The next story within a story is told by Caravaggio. He tells Hana about how he was captured while spying on the Germans, how, by accident, he was photographed and had to recover the film in order to protect his identity. The woman who took the photo actually tried to help him, but he was ultimately caught. This led to his torture and mutilation, but that comes out later. What we have here is a story of suspense—will he recover the film and escape? Will he be able to take action to save himself? I think the link with Almasy’s story is that the stories are incomplete, leaving the reader wanting more, and the characters both must rely on others for help.

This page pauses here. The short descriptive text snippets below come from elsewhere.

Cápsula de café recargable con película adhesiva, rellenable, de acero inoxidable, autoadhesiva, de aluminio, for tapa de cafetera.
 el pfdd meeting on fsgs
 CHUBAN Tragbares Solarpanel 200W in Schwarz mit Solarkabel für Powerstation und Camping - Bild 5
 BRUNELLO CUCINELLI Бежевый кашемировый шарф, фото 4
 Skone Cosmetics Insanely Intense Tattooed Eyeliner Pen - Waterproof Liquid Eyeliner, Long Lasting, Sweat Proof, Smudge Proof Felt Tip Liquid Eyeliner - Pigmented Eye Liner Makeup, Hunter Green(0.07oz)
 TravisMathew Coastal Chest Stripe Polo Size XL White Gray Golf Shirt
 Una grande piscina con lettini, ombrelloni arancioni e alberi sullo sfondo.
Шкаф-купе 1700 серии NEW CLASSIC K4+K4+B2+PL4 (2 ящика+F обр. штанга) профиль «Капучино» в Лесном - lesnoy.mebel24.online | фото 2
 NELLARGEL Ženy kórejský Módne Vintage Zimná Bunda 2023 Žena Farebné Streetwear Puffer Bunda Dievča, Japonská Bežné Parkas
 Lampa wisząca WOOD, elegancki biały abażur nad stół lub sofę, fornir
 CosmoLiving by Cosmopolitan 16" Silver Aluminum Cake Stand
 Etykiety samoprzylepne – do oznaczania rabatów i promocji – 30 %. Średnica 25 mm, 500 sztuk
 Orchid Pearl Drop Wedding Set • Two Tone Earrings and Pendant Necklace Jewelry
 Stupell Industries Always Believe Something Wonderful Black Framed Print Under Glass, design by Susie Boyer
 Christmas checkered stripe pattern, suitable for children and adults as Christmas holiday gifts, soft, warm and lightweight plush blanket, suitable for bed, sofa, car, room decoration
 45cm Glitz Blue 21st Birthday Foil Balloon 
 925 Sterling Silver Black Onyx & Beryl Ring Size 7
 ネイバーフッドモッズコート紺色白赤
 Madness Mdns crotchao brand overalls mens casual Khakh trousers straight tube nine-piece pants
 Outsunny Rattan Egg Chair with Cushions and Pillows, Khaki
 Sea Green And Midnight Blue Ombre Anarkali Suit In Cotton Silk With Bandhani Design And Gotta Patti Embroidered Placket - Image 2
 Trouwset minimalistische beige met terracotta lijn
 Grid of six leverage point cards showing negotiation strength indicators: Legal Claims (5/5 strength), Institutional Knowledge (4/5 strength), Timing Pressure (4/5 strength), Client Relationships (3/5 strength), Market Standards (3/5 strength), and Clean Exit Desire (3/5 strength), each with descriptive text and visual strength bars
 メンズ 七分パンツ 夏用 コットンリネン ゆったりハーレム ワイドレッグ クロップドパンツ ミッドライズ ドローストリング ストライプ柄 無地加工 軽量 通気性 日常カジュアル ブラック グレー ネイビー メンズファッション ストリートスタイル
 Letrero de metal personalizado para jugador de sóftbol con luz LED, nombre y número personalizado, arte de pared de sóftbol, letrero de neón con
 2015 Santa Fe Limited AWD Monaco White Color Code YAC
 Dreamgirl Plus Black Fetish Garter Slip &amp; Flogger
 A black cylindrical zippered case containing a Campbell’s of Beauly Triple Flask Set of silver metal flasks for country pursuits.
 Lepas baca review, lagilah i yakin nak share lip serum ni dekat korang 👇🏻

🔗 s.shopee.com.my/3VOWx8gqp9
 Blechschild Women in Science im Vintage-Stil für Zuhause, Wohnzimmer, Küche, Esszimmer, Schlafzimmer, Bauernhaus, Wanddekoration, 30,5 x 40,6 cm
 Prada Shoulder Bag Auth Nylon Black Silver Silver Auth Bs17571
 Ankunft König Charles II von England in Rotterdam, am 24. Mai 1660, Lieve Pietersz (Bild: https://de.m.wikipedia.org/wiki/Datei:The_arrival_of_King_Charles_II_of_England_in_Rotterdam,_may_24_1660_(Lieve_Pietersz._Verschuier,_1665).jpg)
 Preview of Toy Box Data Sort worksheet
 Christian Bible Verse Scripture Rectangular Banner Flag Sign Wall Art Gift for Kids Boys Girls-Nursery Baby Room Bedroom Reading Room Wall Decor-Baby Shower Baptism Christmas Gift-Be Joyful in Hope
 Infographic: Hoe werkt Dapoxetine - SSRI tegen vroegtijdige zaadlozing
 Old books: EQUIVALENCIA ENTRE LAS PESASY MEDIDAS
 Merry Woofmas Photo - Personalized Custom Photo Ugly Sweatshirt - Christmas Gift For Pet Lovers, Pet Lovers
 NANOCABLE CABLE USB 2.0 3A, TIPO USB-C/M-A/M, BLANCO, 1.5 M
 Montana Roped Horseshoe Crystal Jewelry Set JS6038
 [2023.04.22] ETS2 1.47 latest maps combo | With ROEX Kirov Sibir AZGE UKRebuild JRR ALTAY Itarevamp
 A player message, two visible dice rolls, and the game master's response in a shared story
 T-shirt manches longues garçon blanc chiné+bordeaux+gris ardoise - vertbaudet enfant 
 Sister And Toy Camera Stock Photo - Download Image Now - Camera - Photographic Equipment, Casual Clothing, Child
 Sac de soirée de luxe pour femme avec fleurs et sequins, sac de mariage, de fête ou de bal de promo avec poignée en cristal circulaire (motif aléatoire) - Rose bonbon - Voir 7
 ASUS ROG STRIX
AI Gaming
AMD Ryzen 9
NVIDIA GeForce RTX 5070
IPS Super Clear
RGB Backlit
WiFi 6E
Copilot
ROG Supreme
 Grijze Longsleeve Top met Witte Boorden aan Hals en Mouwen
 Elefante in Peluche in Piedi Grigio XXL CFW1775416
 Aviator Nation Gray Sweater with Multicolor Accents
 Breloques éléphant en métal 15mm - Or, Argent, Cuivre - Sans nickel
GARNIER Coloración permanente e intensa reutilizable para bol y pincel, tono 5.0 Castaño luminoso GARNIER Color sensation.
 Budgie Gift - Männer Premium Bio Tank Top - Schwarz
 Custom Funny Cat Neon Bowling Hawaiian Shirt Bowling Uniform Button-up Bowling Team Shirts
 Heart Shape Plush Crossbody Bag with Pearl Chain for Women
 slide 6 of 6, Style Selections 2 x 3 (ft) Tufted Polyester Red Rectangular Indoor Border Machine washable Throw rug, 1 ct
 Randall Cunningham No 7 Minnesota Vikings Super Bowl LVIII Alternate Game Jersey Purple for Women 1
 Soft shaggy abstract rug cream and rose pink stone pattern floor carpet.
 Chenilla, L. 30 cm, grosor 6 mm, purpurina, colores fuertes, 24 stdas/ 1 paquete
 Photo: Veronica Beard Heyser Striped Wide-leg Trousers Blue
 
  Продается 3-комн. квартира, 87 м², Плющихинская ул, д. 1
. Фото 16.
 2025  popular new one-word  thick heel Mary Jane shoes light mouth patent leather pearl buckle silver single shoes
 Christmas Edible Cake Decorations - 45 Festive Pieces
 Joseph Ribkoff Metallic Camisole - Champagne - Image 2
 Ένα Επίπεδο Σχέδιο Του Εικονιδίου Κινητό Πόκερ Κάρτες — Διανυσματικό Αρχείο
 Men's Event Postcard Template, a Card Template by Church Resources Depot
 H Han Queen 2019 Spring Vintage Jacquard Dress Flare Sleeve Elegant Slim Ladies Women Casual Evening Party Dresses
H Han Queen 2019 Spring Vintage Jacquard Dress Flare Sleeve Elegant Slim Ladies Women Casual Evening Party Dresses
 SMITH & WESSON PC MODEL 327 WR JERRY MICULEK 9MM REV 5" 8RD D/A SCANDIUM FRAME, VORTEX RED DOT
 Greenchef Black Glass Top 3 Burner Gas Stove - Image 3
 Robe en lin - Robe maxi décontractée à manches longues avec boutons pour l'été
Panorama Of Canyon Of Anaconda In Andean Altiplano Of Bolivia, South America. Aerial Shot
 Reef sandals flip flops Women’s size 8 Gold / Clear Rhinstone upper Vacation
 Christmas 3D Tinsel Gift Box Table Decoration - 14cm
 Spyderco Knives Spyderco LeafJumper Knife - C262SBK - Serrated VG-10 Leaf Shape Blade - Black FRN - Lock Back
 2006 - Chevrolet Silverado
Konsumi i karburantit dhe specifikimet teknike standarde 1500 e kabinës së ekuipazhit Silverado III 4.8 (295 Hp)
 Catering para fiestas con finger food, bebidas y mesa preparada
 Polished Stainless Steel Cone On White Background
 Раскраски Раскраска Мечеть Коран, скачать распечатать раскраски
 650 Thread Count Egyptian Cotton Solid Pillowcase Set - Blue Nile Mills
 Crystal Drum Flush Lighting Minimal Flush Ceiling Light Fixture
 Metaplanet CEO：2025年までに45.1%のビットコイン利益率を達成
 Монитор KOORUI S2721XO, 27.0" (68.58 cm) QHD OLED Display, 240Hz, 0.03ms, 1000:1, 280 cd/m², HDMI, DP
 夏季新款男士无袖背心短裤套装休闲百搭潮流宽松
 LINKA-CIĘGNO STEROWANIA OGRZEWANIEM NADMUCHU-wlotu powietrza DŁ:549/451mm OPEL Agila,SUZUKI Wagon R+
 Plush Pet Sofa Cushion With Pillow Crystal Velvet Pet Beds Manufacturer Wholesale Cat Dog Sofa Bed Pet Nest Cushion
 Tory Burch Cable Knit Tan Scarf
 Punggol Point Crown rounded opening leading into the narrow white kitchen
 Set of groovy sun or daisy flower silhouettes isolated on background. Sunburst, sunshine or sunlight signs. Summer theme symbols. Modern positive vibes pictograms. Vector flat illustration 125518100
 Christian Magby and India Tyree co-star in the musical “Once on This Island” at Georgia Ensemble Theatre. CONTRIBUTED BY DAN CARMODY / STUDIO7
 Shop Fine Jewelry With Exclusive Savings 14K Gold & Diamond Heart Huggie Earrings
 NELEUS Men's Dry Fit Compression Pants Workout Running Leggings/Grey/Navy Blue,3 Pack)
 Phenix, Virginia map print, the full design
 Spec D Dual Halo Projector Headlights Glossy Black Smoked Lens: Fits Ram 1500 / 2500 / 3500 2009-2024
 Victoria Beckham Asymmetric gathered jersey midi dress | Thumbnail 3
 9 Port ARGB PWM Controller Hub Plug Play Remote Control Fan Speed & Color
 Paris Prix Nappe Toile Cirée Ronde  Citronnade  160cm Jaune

And this is true in the larger story as well. The characters recover from trauma to varying degrees by their relationships with each other—Caravaggio with Hana and Almasy, Hana with Almasy and Kip, even Almasy, who dies at the end, achieves fulfillment by telling his life to Hana, letting her read his book, “and in his commonplace book, his 190 edition of Herodotus’ Histories, are other fragments—maps, diary entries, writings in many languages, paragraphs cut out of other books. All that is missing is his own name.”

Kip himself, is a different sort, I think, and deserves more attention—and that will come, I assure you.

So, there you have it. A story about traumatic memory and possible recovery, with many briefer stories with the same theme embedded in the whole. Smaller mirrors. And nearly continual references to reading.